[Data records]

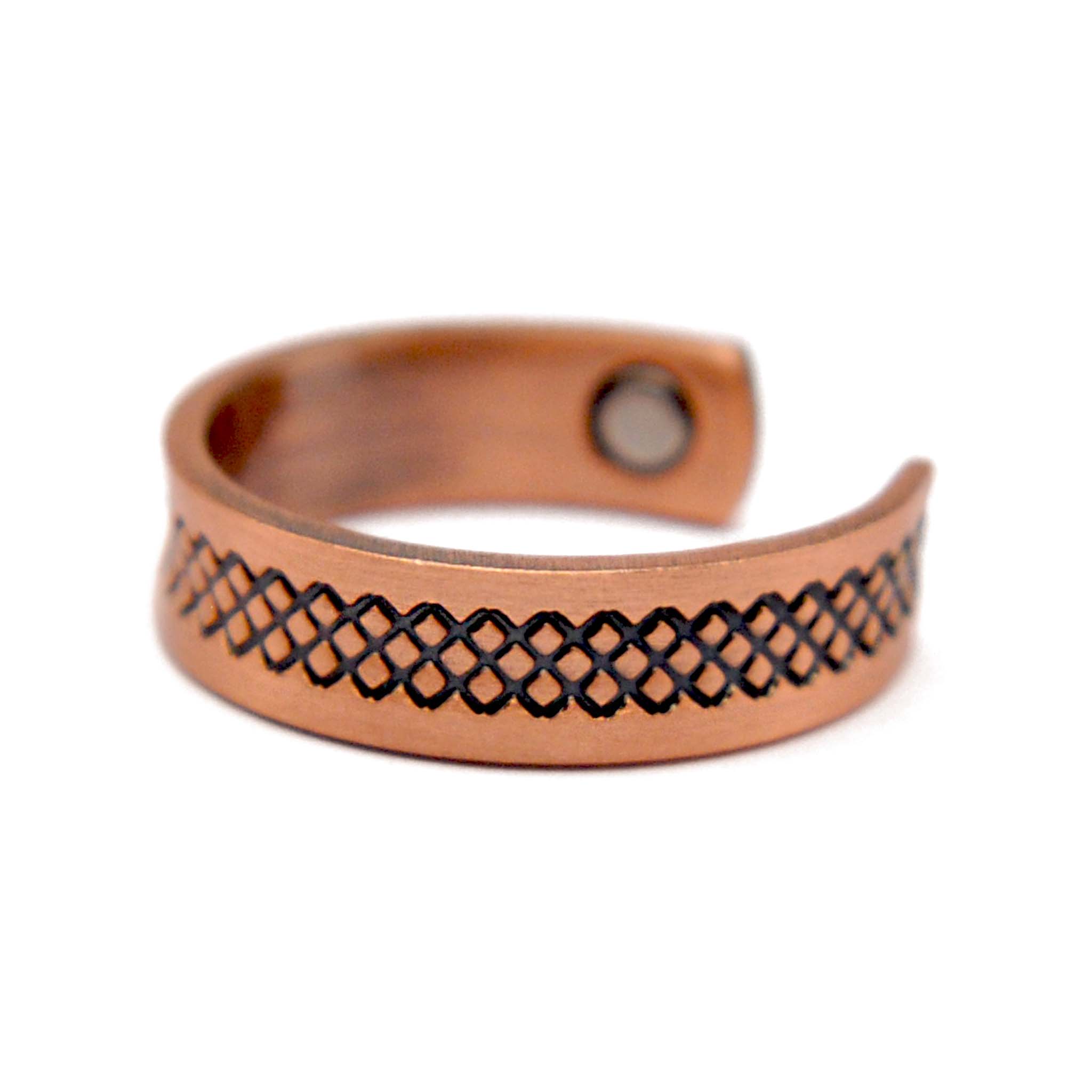 magnetic therapy ring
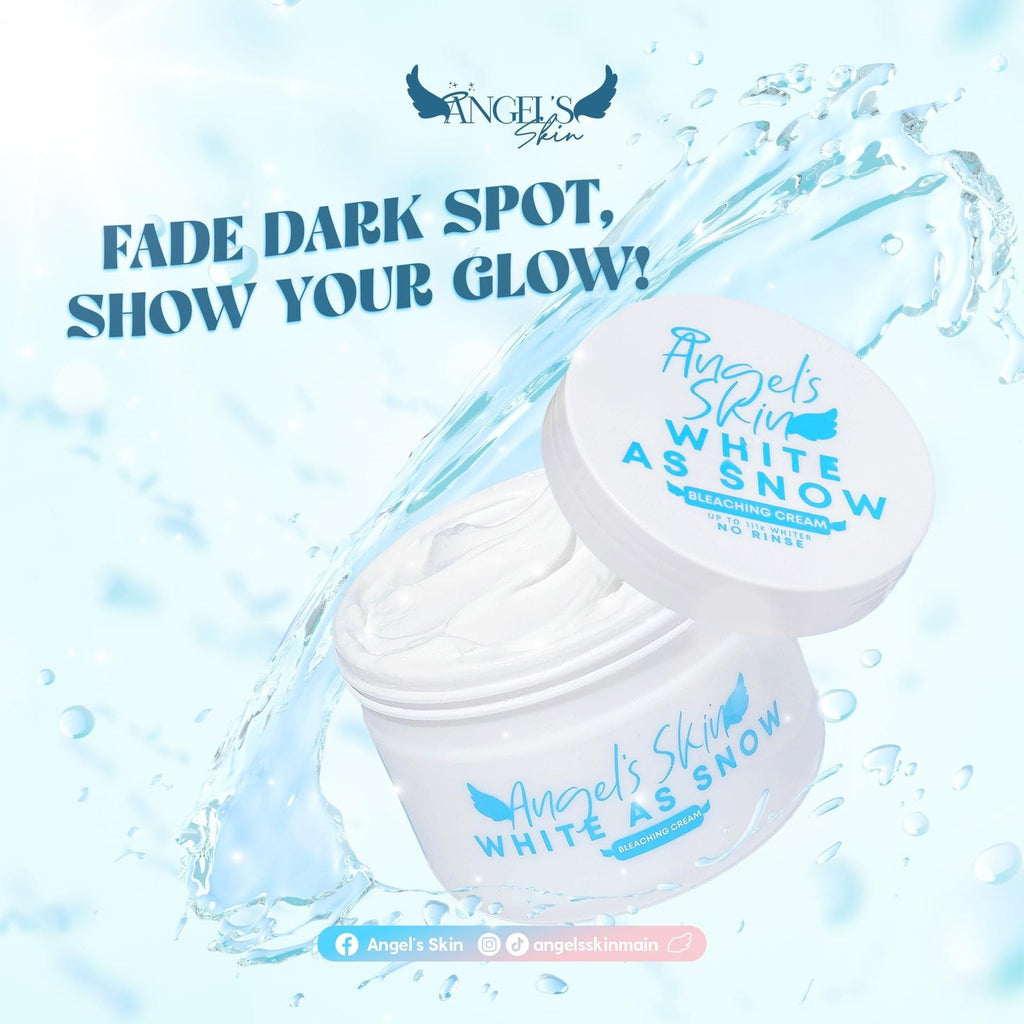 Angel’s Skin - White As Snow Bleaching Cream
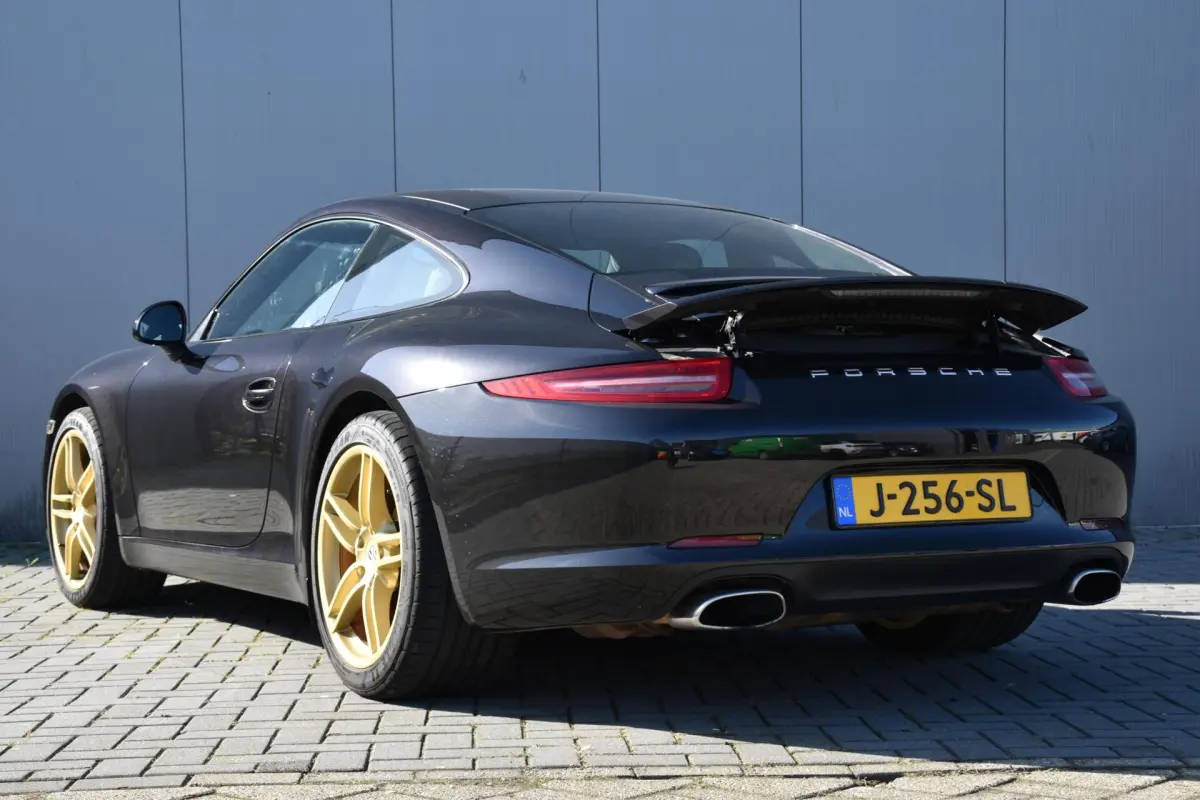 911 (991) 3.4 Carrera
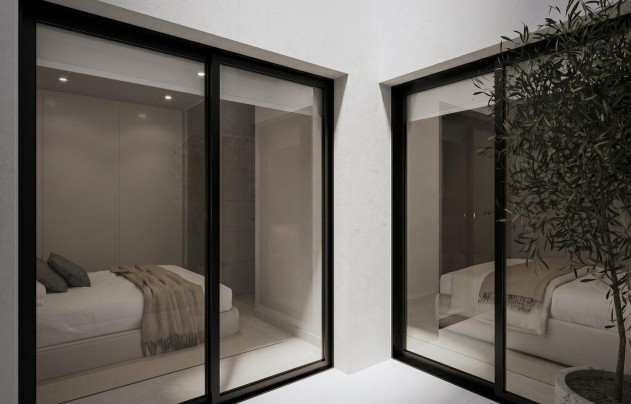 Nouvelle construction - Apartment - San Pedro del Pinatar - El Salero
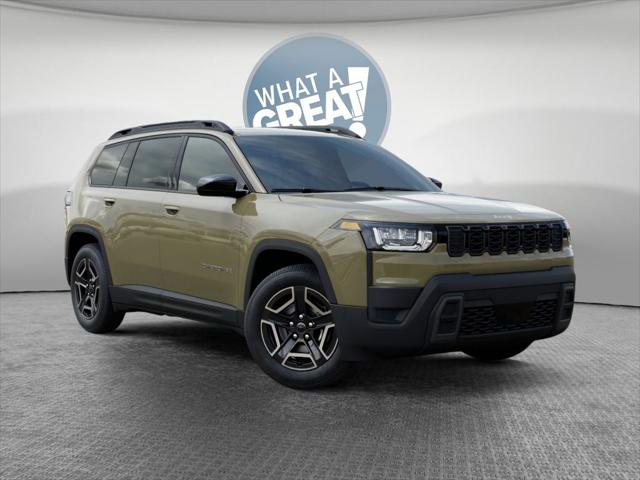 2026 Jeep Cherokee CHEROKEE LAREDO 4X4 2026 Jeep Cherokee CHEROKEE LAREDO 4X4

▸ What is being asked
Take the entries above and restate them word for word, minus their images.

▸ Result below
 magnetic therapy ring
 Angel’s Skin - White As Snow Bleaching Cream
 911 (991) 3.4 Carrera
 Nouvelle construction - Apartment - San Pedro del Pinatar - El Salero
 2026 Jeep Cherokee CHEROKEE LAREDO 4X4 2026 Jeep Cherokee CHEROKEE LAREDO 4X4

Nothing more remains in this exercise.